Upholding family values

Upholding family values
By Manal Alafrangi, Staff Writer GULF NEWS Published: October 03, 2007, 23:52

There is a certain universality when it comes to the term "family values" but because the concept itself is rooted in individual cultures, ideals and morals can come across as different. So then, what happens when people of different creeds and nationalities live in one society? Do they agree on what constitutes family values? Do they share the same ideals and principles?

According to our latest survey, there is a concern when it comes to cultural values being present in the UAE. That is, more than two thirds of our respondents feel family values are being eroded in the UAE. This opinion is particularly high amongst Arabs, excluding Emiratis (73 per cent). Moreover, 62 per cent of those surveyed feel people in the UAE are courteous and respectful to others but there is a difference of opinion amongst the various nationalities; 71 per cent of Emiratis compared to 39 per cent of Westerners.

Similarly, Arabs (excluding Emiratis) and Asians are also split on whether they think UAE residents have a community spirit. Emiratis and Westerners on the other hand are on opposite ends of the spectrum with the former saying they do and the latter saying they don't.

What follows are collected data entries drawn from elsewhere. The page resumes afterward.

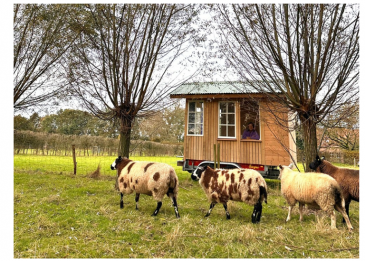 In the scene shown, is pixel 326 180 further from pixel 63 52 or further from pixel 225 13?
pixel 63 52

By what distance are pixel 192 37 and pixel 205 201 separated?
561cm

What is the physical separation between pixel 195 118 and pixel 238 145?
8.12 ft

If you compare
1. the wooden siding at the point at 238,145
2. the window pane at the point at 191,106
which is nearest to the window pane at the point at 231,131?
the wooden siding at the point at 238,145

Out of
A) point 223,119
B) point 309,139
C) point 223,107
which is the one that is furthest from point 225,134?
point 309,139

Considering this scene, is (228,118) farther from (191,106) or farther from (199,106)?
(191,106)

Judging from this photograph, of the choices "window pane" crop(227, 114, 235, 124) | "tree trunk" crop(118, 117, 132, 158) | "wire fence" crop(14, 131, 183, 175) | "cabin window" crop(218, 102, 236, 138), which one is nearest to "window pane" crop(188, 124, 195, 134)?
"cabin window" crop(218, 102, 236, 138)

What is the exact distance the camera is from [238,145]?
9.41 m

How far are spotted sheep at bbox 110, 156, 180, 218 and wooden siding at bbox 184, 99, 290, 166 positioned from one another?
190 inches

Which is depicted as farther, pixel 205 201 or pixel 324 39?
pixel 205 201

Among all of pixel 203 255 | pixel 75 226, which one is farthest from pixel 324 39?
pixel 75 226

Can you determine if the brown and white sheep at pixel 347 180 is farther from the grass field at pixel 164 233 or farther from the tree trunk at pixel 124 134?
the tree trunk at pixel 124 134

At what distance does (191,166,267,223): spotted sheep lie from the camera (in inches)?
173

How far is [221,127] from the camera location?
10.5 metres

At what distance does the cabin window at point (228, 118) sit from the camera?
984 centimetres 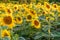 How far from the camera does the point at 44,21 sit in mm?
2367

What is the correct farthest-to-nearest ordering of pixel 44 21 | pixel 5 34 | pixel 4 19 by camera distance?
pixel 44 21 < pixel 4 19 < pixel 5 34

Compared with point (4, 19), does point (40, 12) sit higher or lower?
lower

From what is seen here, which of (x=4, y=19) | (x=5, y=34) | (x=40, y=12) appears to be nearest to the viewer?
(x=5, y=34)

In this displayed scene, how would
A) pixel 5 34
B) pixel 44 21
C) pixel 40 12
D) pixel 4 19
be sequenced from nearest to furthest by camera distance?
pixel 5 34, pixel 4 19, pixel 44 21, pixel 40 12

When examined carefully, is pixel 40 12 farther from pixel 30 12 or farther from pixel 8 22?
pixel 8 22

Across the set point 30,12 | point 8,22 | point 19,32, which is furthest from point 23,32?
point 8,22

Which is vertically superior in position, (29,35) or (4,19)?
(4,19)

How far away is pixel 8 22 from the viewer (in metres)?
1.70

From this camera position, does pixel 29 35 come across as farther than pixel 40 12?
No

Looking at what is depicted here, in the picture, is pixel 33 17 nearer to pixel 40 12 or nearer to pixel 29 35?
pixel 29 35

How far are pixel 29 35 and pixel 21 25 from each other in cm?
14

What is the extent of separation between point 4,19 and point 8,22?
3 centimetres

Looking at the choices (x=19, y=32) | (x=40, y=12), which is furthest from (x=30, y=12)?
(x=40, y=12)

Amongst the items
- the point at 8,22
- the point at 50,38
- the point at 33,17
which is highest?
the point at 8,22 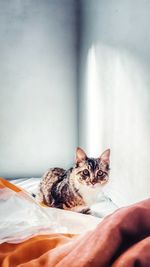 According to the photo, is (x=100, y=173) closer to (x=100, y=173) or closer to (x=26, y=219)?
(x=100, y=173)

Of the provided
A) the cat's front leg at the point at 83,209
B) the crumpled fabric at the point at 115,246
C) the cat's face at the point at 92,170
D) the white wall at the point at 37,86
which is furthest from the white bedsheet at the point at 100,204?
the crumpled fabric at the point at 115,246

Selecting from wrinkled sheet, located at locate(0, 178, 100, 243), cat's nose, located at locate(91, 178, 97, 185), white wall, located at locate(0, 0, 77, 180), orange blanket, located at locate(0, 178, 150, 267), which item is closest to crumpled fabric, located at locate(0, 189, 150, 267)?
orange blanket, located at locate(0, 178, 150, 267)

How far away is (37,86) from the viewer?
283 centimetres

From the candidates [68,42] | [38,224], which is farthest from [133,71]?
[68,42]

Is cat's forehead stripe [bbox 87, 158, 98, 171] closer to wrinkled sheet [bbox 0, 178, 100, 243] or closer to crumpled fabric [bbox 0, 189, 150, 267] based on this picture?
wrinkled sheet [bbox 0, 178, 100, 243]

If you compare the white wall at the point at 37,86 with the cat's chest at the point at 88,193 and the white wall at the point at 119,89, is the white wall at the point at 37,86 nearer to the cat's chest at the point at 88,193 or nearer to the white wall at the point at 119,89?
the white wall at the point at 119,89

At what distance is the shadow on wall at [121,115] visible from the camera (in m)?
1.74

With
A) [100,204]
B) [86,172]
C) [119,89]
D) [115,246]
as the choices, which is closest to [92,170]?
[86,172]

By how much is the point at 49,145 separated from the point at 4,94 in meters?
0.55

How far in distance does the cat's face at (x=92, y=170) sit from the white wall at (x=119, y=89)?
0.15 metres

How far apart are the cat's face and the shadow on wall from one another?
5.8 inches

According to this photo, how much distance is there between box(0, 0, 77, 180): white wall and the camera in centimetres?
274

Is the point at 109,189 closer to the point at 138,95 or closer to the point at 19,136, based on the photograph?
the point at 138,95

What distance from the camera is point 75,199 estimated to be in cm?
185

That is one of the main conclusions from the latest Gulf News survey undertaken by YouGov-Siraj where by 1,191 people answered questions on family, growing old, and challenges to family time. (Of the total surveyed, 119 were Emiratis, 147 other Arabs, 168 Westerners, 669 Asians, and 88 others).

We asked our respondents who each of them considers to part of their own family. Across all nationalities, 'parents', 'brothers and sisters' and 'spouse' top the family member ladder. 'Children' and 'grandparents' are not far behind in the family members consideration set. Interestingly, despite no blood connection, 25 per cent believe friends are family and 16 per cent find employed household staff to also be part of family.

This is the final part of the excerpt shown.